=== SOURCE RECORDS ===

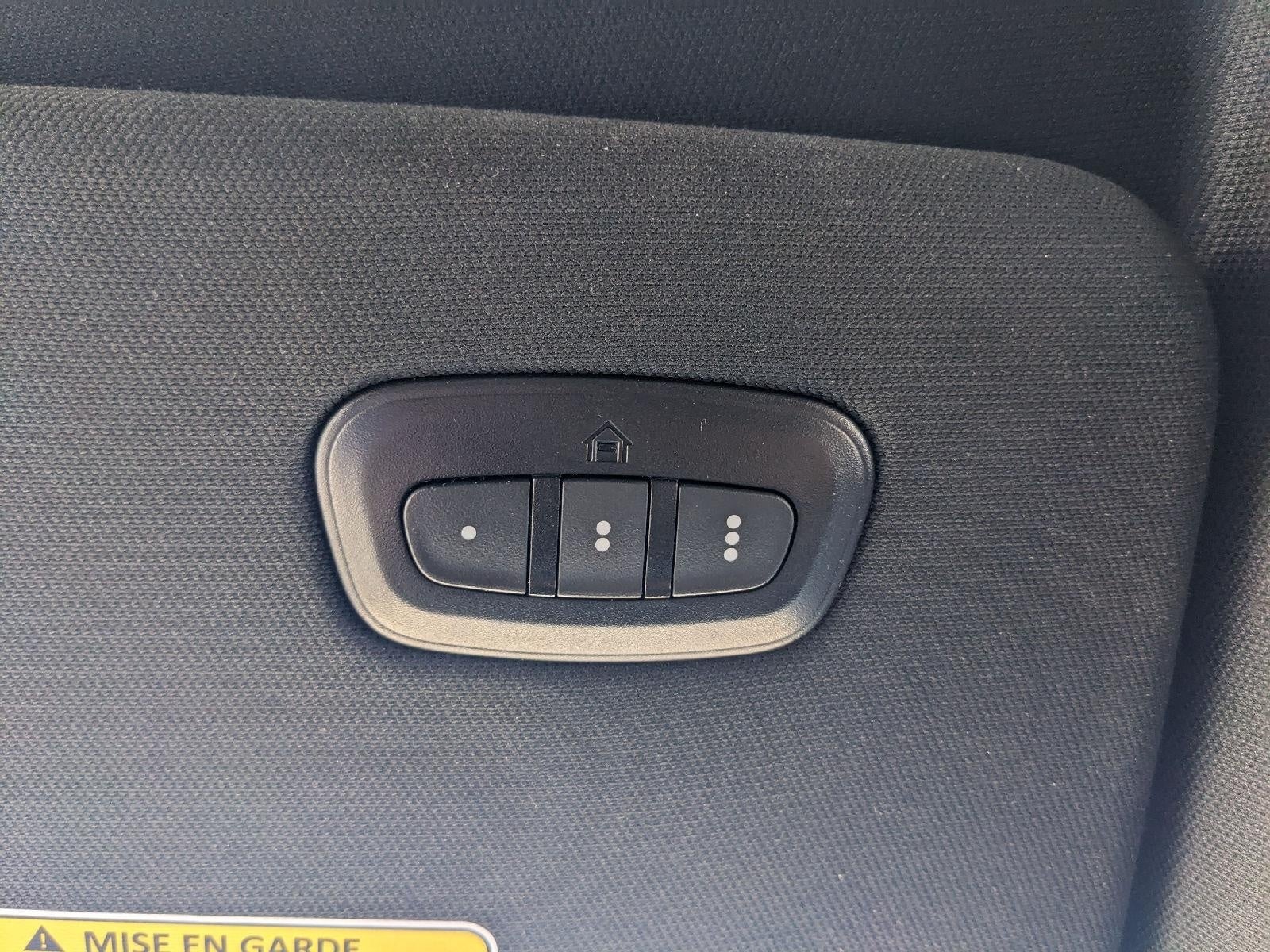2025 RAM 1500 Laramie 4x4 Crew Cab 5'7 Box
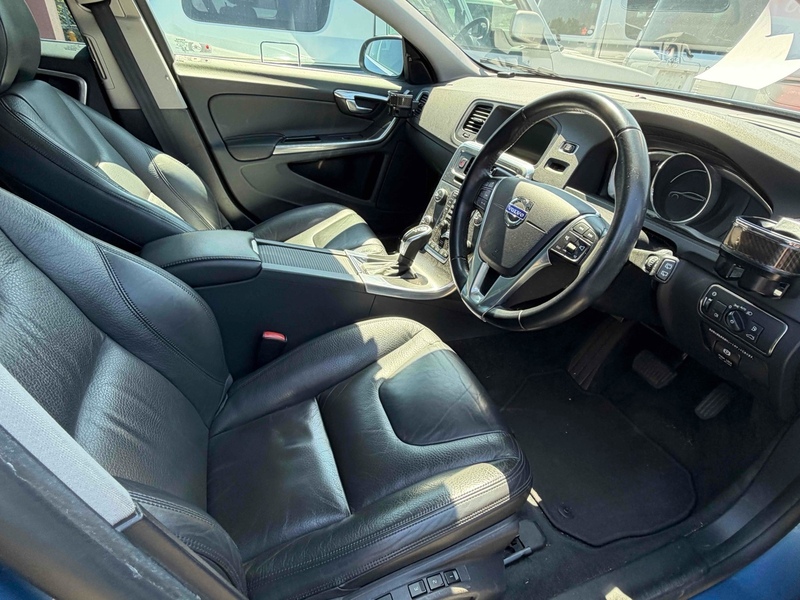 Volvo V60 T4 Se - U12691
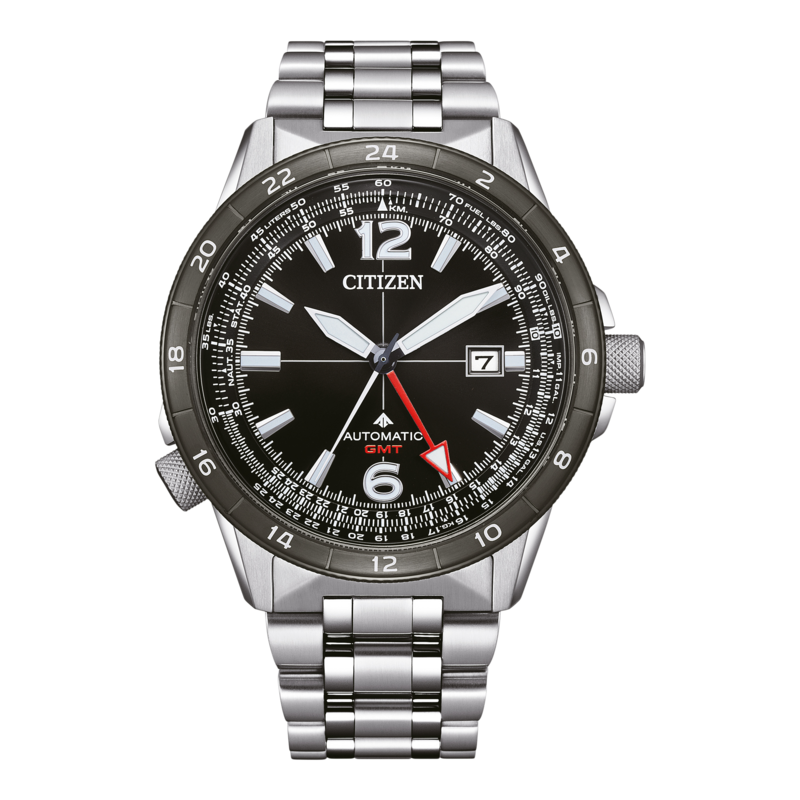 Citizen-Uhr mit schwarzem Zifferblatt, silbernem Armband und GMT-Funktion, die Zeit und Datum anzeigt.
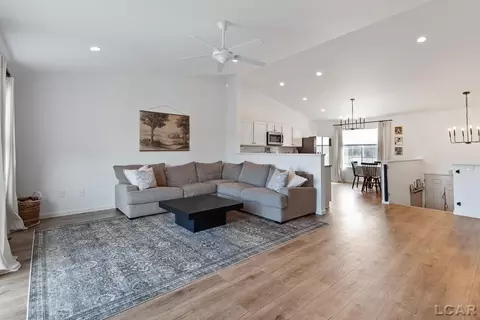 Living - 3202 Sutton, Adrian, MI 49221 photo 5 of 5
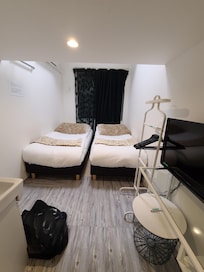 See the weird brown pillows/blankets.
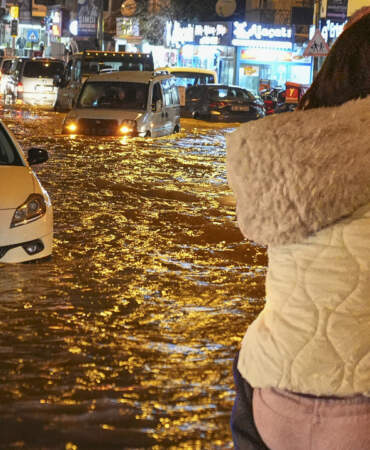 İzmir Sele Teslim! 4 İlçe Kabusu Yaşıyor… Evler Su Altında Kaldı, Duvarlar Yıkıldı, Rögarlar Taştı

===

▶ _EXERCISE PROMPT_:
Give back word for word the lines from the one containing "Citizen-Uhr mit schwarzem" through the final line of the data above. Pictures are to be left out.

▶ _ANSWER TO THE PROBLEM_:
 Citizen-Uhr mit schwarzem Zifferblatt, silbernem Armband und GMT-Funktion, die Zeit und Datum anzeigt.
 Living - 3202 Sutton, Adrian, MI 49221 photo 5 of 5
 See the weird brown pillows/blankets.
 İzmir Sele Teslim! 4 İlçe Kabusu Yaşıyor… Evler Su Altında Kaldı, Duvarlar Yıkıldı, Rögarlar Taştı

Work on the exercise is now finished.